### ASSIGNMENT
Write out the line that holds "Photo 5 of 2022" together with every line that follows it to the end of the material below, exactly. Omit the pictures.

### INFORMATION SHOWN
>>

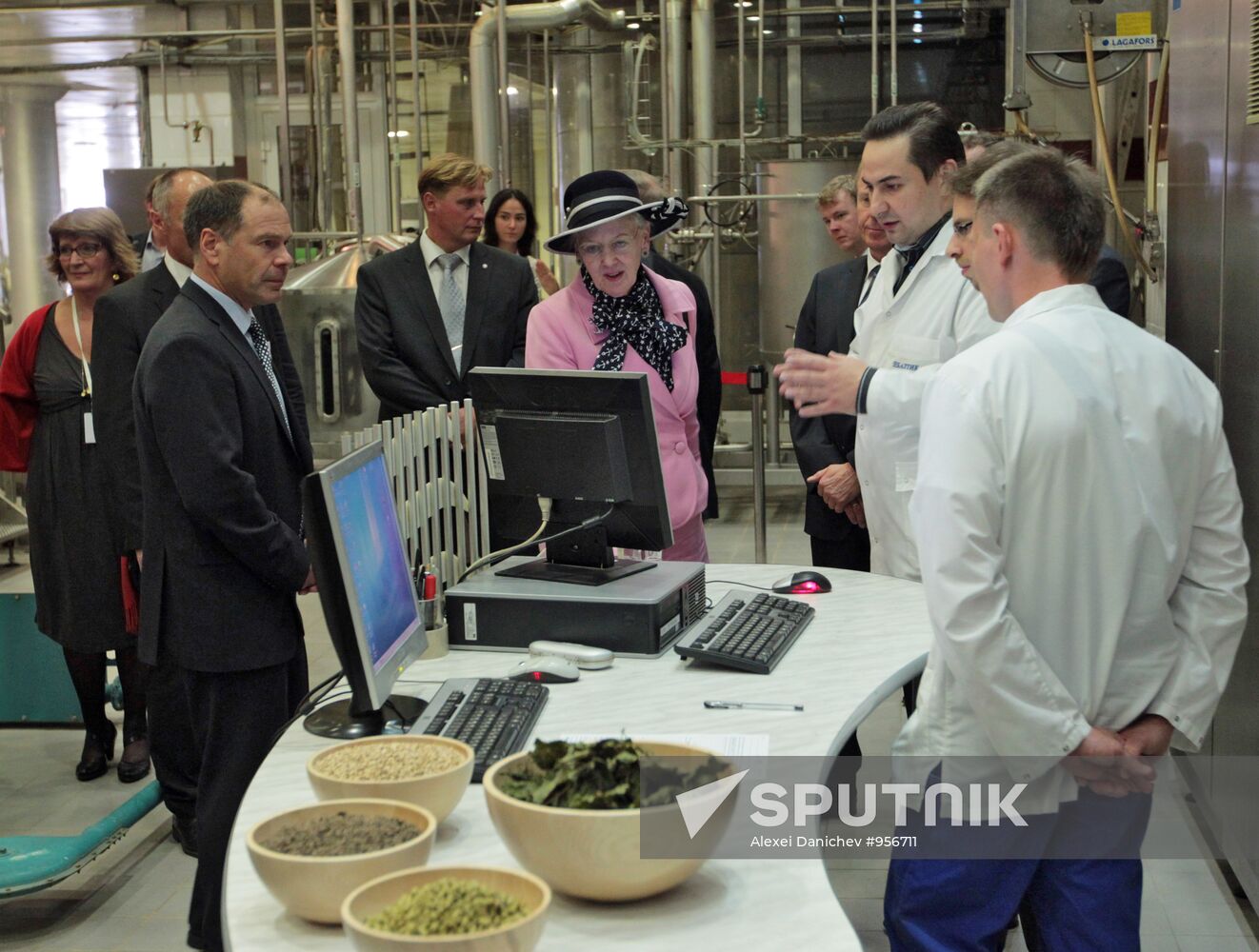 Queen of Denmark visits Baltika brewery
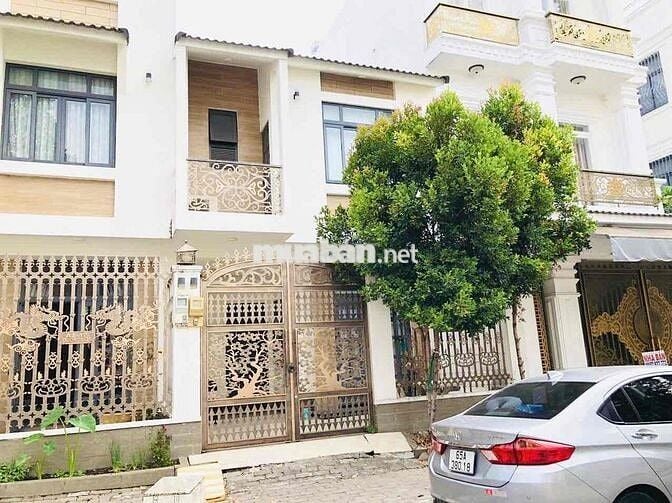 BÁN NHÀ 1 TRỆT 1 LẦU KDC NAM LONG-LỘ GIỚI 12M SỔ HỒNG SANG TÊN NGAY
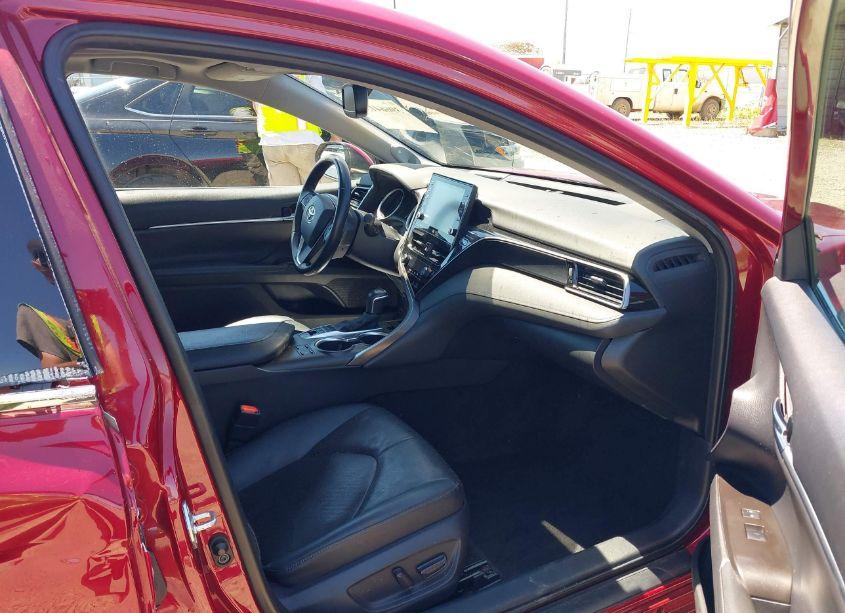 Photo 5 of 2022 Toyota Camry XLE HYBRID (VIN 4T1F31AK2NU579107)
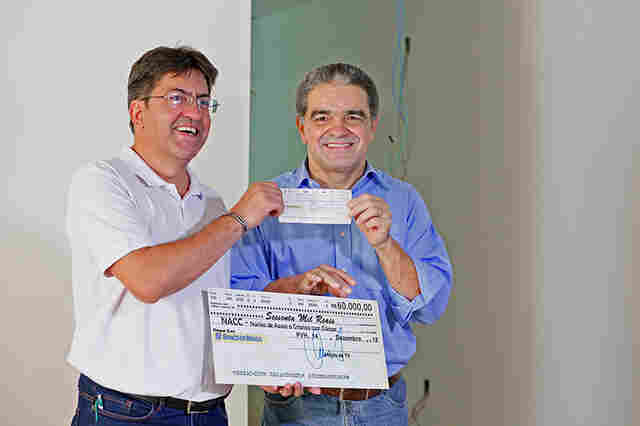 Deputado Aélcio da TV cumpre compromisso e entrega R$ 60 mil ao NACC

<<

### RESPONSE AREA
 Photo 5 of 2022 Toyota Camry XLE HYBRID (VIN 4T1F31AK2NU579107)
 Deputado Aélcio da TV cumpre compromisso e entrega R$ 60 mil ao NACC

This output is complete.